On the other hand, the percentage treatment effect at the two year mark brain volume loss explained by the effect on NfL at 6 months was 58 percent, which is drastically higher than the 39 percent explained by the number of T2 lesions at six months.
“A better predictor than brain MRI”
The researcher's results uncovered how fingolimod is capable of significantly decreasing the blood NfL levels, as compared to when a placebo was taken at 6 months. It was also found that 6-month NfL levels were correlated to standard measures of disease activity and severity, after being tracked for 2 years.
Their results also showed that blood NfL levels at six months offer a very similar effect as the fingolimod treatment in regard to how many relapses are experienced at the two year mark, as T2 lesions on MRI. These also correlated more strongly with how fingolimod treatment impacts brain volume loss at the two year mark.
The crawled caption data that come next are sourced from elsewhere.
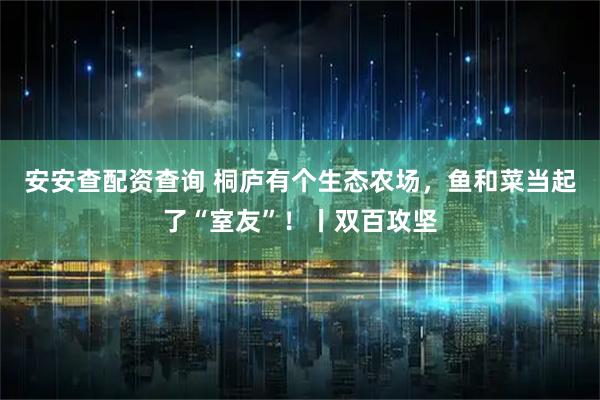 安安查配资查询 桐庐有个生态农场，鱼和菜当起了“室友”！丨双百攻坚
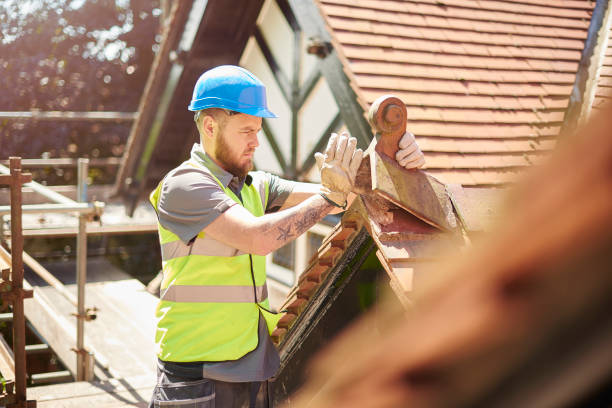 Best Shingle Roofing Installation  in Montegut, LA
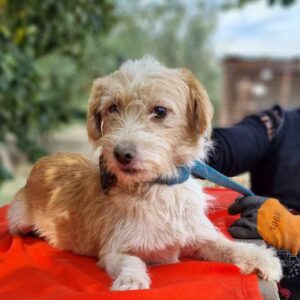 BIBI - reserviert IH DR 12.10. - vermittelt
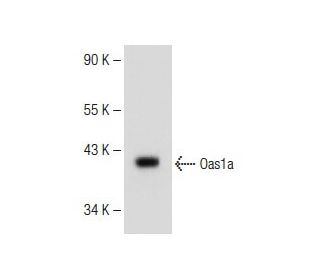 BC sub 3H1 Cell Lysate: sc-2299. Western blot analysis of Oas1a expression...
Robert Fox, MD, of the Cleveland Clinic Foundation in Ohio took the time to comment on these results, and what they meant, at the ECTRIMS/ACTRIMS meeting. He said that it is "very encouraging news on NfL as a predictor of treatment responses. It appears to be a better predictor of what patients will do and the treatment response than typically used brain MRI."
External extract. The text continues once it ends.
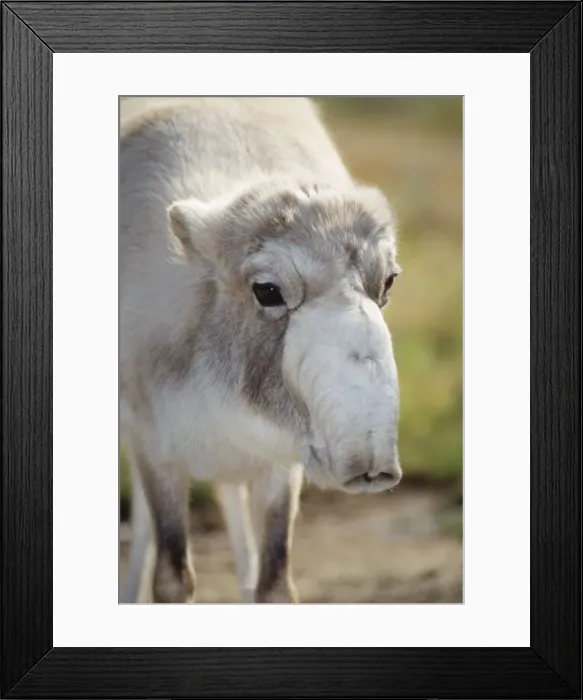 Framed Print : Saiga Antelope - close-up of female's head, winter coat. Caspian Sea area Framed Print : Saiga Antelope - close-up of female's head, winter coat. Caspian Sea area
Jeffrey Cohen, MD, who is also of Cleveland Clinic, commented as well, saying that NfL is a biomarker of particular interest in the field at the moment, especially in regard to how it pertains to multiple sclerosis disease activity and its ability to be measured in the blood. He says, "there is now a very consistent body of evidence showing that it reflects CNS [central nervous system] damage and predicts disability. This new study shows it reflects beneficial treatment effects of medication, and it is now starting to be used as a measure of drug effect in new clinical trials. I believe it will eventually also be used in the clinic to track disease activity."
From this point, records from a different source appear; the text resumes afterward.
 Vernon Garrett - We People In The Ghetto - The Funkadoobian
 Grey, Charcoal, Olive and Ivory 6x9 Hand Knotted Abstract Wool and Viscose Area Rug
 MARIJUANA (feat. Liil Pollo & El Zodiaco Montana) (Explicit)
Dr. Cohen went on to state that access to a simple blood marker of disease activity, like NfL, could be crucial in creating treatments that are more personal to each patient. He says, "right now we have a 'one size fits all' approach to treatment, but the goal is to tailor therapy so those patients with the most aggressive disease receive the most efficacious therapies early on. To do this, we need to regularly monitor disease activity, and having a blood test that reflects disease progression will enable this to be done much more easily."
Dr. Sormani also commented on how the implementation of NfL to monitor patients in a routine manner would likely be extremely effective, but that the approach simply is not at that point yet, and needs more research to be conducted before it can be done. She says, "standardization of the technique is a first requirement, to have reference values that can be interpreted by everyone ... I think it will be very useful in complementing MRI, but I don't think it will replace MRI, which gives a morphological and functional picture of the brain. Initially NfL will be used as a quick and easy screening tool to assess the activity of new drugs."
Sormani also commented on how much of an advantage NfL could be when used in retrospection. She says, "we have a large amount of clinical trial data that can be reanalyzed if blood samples have been properly stored. I hope pharma companies will do their best to reassess these precious data, from which we can get very relevant information about NfL levels and its relationship with other clinical variables."
Moving forward with the study
Going forward, the researchers want to proceed with their study. However, for a phase 2 study, between 60 to 130 patients will be needed when involving a drug with efficacy that is comparable to that of fingolimod versus a placebo at 90 percent power. Should they receive enough participants, they plan to conduct the study.